Sobald die jungen Pflanzen über den
Topfrand hervorgewachsen sind, werden die Töpfe bis unter die Keimblätter mit
Erde angefüllt. An dem mit Erde angehäufelten Stengel bilden sich neue Wurzeln,
welche den Pflanzen viel Nahrung zuführen und sie zu früherem Blühen
veranlassen. Die im Gewächshaus oder in einem besonderen Mistbeet derart
herangezogenen Pflanzen werden in das Melonenbeet ausgepflanzt.
Es wurde schon gesagt, dass die
abgeräumten Mistbeetkasten als Melonenbeete dienen können. Es wird sofort nach
dem Leerwerden die Erde tüchtig mit vergorener Jauche übergossen und, wenn sie
hierauf wieder abgetrocknet ist, umgespatet; dann fülle man frische, gute
Melonenerde handhoch ein und pflanze die Melonen. Das gibt, da die Wärme der
Düngerpackung schon verbraucht war, immerhin ziemlich spät Erträge.

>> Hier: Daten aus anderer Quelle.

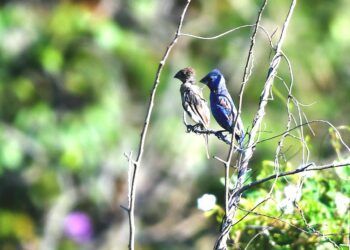 Siete colores, azulejos y degollados emprenden su viaje a Yucatán desde América del Norte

Sicherer und früher erhält man Melonen
aus den Beeten, die noch im März eigens angelegt sind. Man packt sie gut mit
Pferdedünger 50 Zentimeter hoch. Dieser Pferdedünger muss abdampfen, denn der
scharfe Dunst des Pferdemistes ist der Melone schädlicher als irgend einer
anderen Pflanze. Auf die Pferdemistpackung kommt eine 6 Zentimeter hohe Lage
strohfreien Kuhmistes; dadurch wird die Hitze des Pferdemistes gemildert und
der schädliche Dunst wird von der Erde abgehalten. Die Melonenwurzeln, welche
später in den Kuhmist einwachsen, befinden sich viel wohler darin, als wenn sie
in die oberen Schichten des Pferdemistes eindringen würden. Erst auf den
Kuhmist kommt die Melonenerde. Gute Melonenerde wird bereitet aus zwei Teilen
verrotteten Rindermist, zwei Teilen bester Rasenerde und einem Teil
grobkörnigen Flußsand. Hat man alten Lehm von Abbruch – Scheunen, so kann man
auch diesen als wertvollen Zusatz der Erde beigeben.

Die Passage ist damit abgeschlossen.